Pois bem, camaradas, sou uma migalha insignificante e a minha opinião não conta para nada. E escrevo isto mais para mim do que com esperança que alguém leia esta treta. Ninguém aqui tem jeito para ser herói ou mártir. Mas tenho o meu lugar como cidadão deste país do qual não abdico nem desisto, embora nem sempre saiba como o fazer e tornar força efectiva. Interessa-vos isto para alguma coisa? Talvez não. Mas por mais doses gigantes de frustração que nos tentem fazer engolir para nos quebrar, eu recuso, com toda a força que às vezes não tenho, deixar-me dominar por esse medo, coisa abstracta e se calhar injustificável que, no fundo, é o vosso próprio pavor - rio que corre solto debaixo dessa camada dourada a que chamam poder, mas que não é mais que verniz tosco com cor de ilusão. Percebo, por isso, o VOSSO medo.
Comentários
Mantenhas a tud'nhos.
Esse MEDO conhecido de todos nós e aceite pela maioria como capa do socialmente correcto é que nos deixa apáticos como povo, a reclamar em mesas de bar e a suspirar quando se diz "ahhh já sabes como aqui é..." como se nada pudesse se mudar.

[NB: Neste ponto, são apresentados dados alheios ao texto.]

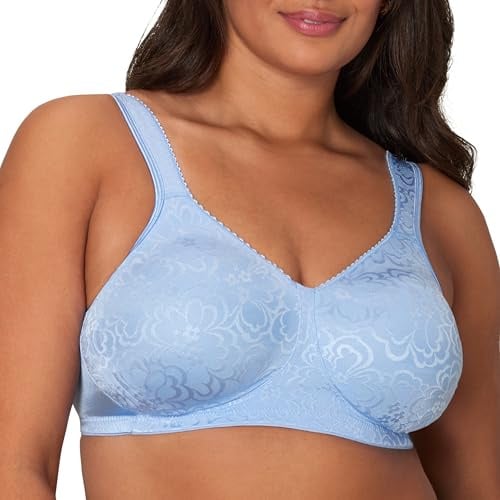 PLAYTEX Womens 18 Hour Ultimate Lift and Support Wire Free Us4745, Available in Single 2-Packs Bras, Zen Blue, 36C US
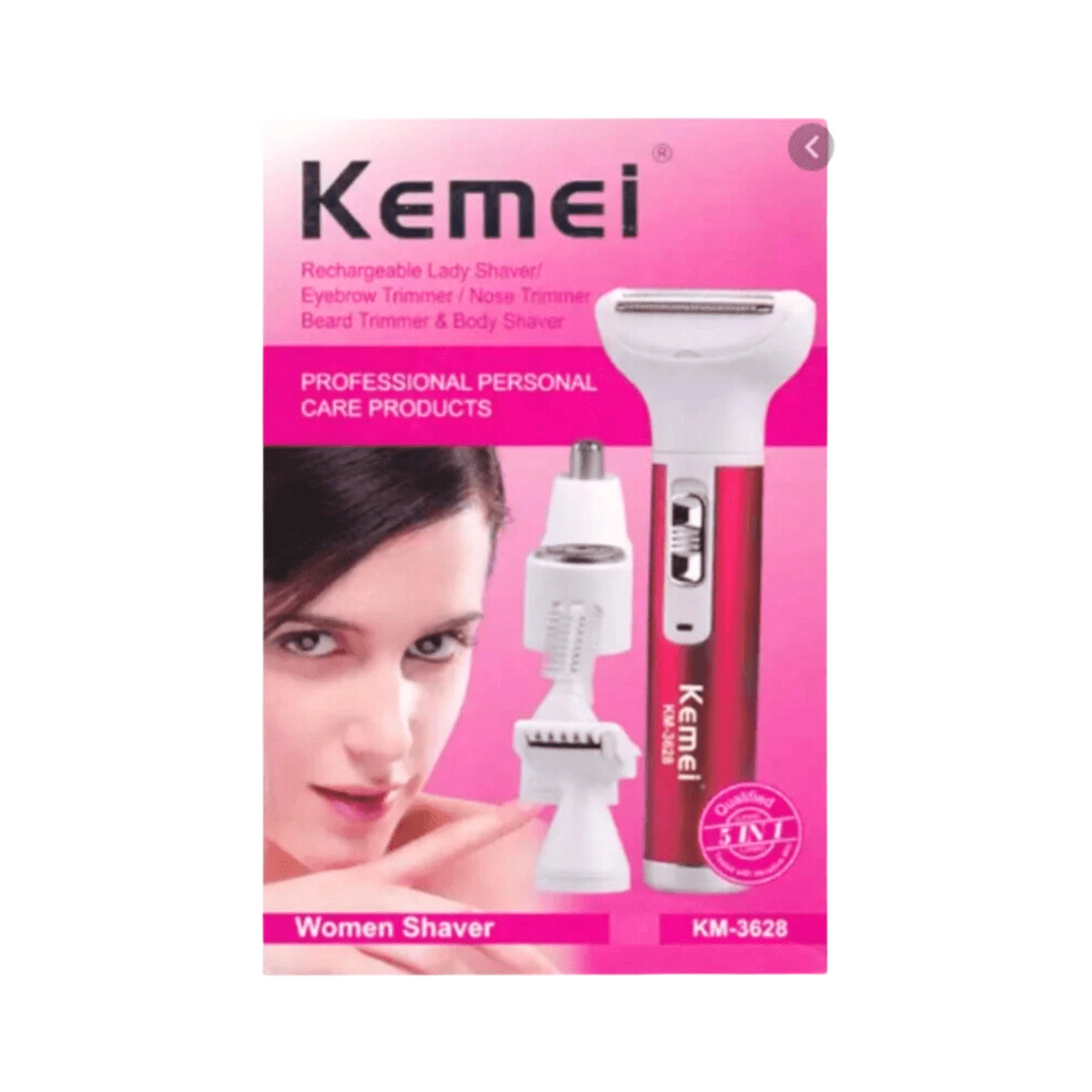 kemei-km-3628-5in1-rechargeable-epilator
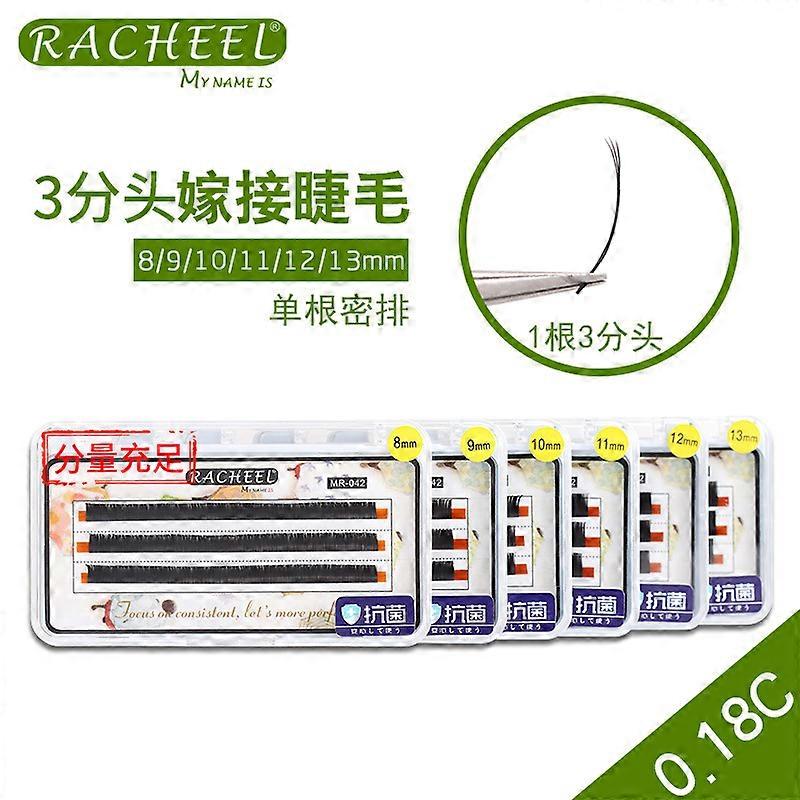 0.18c Thick 3 In 1 False Eyelash Mink Lashes Black 3d Lashes Extension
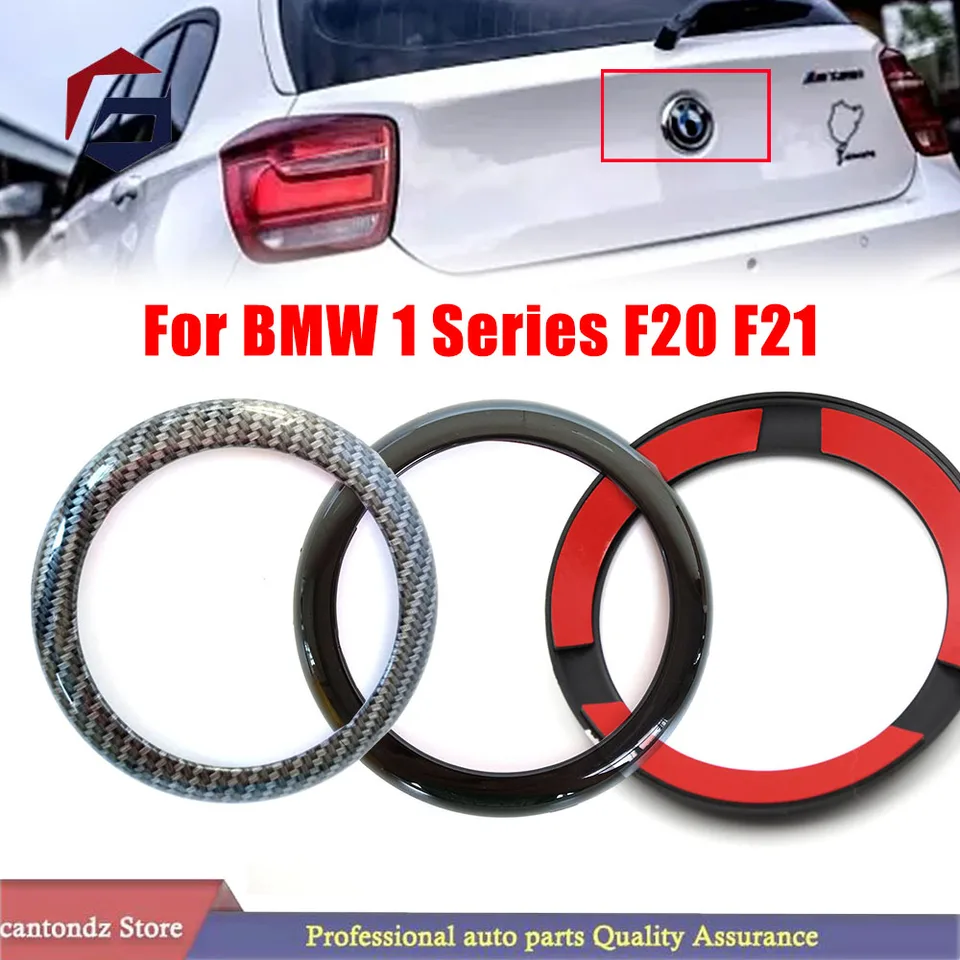 thumbnail: VHEUHZ Achterste Embleem Ring Cover - Zwart Glanzend Voor BMW 1 Serie F20 F21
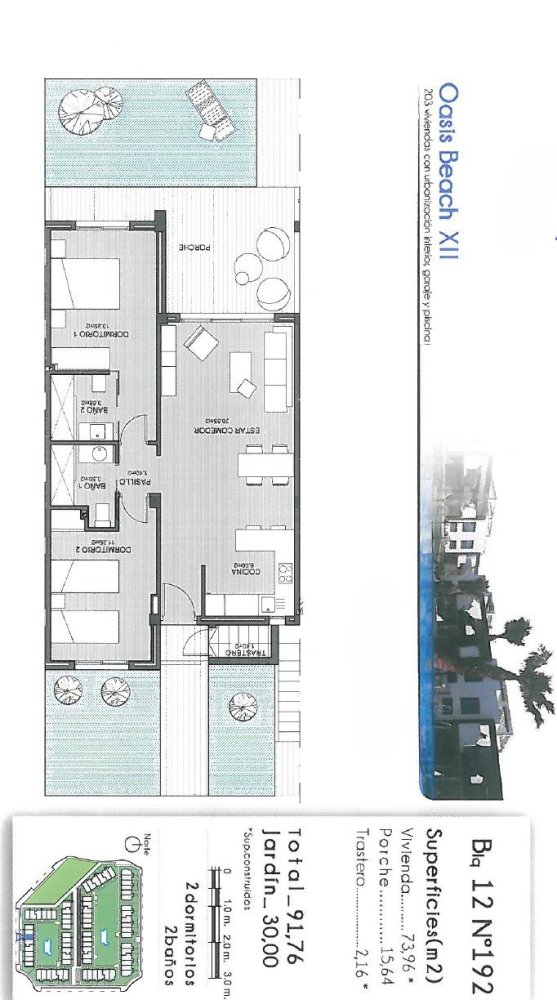 Apartament w Guardamar del Segura, Alicante, Hiszpania 2 sypialnie, 84 mkw. nr 199776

Que pelo menos um ou dois que sejam leiam este texto e ousem como poucos não destruir a machadadas o medo de imediato mas enfrentá-lo e ultrapassá-lo.
Bjs
Queria muito saber escrever tão bem assim como tu escreves. queria saber escrever para dizer que concordo contigo e outras coisas mais. Mas tenho medo de fazer feio (lá está o medo).
Estamos tão acostumados ao medo (mesmo que na mairia das vezes não o saibamos descrever, para dizer o que de facto nos dá medo) que deixamos de fazer o que achamos certo, ou pelo menos dizer o que pensamos.
Me parece que falta o sentido do colectivismo. Não percebemos que é no bem do colectivo que os problemas do individuo se resolverão. Que precisamos de instituições fortes e não de individuos fortes, para sermos de facto cidadãos. Por outro lado, parece ser mais fácil ter medo, do que desafia -lo (o medo) e ^fazer alguma coisa, mesmo que seja, escrever como tu fazes.
Sei lá, no final das contas do que é que devemos ter? De pensar e falar ou de nos transformarmos em ratos nesse esgoto a céu aberto (e isto não é metáfora)
Bjs
P.S: Continue a escrever, alguns de nós lê e se importa!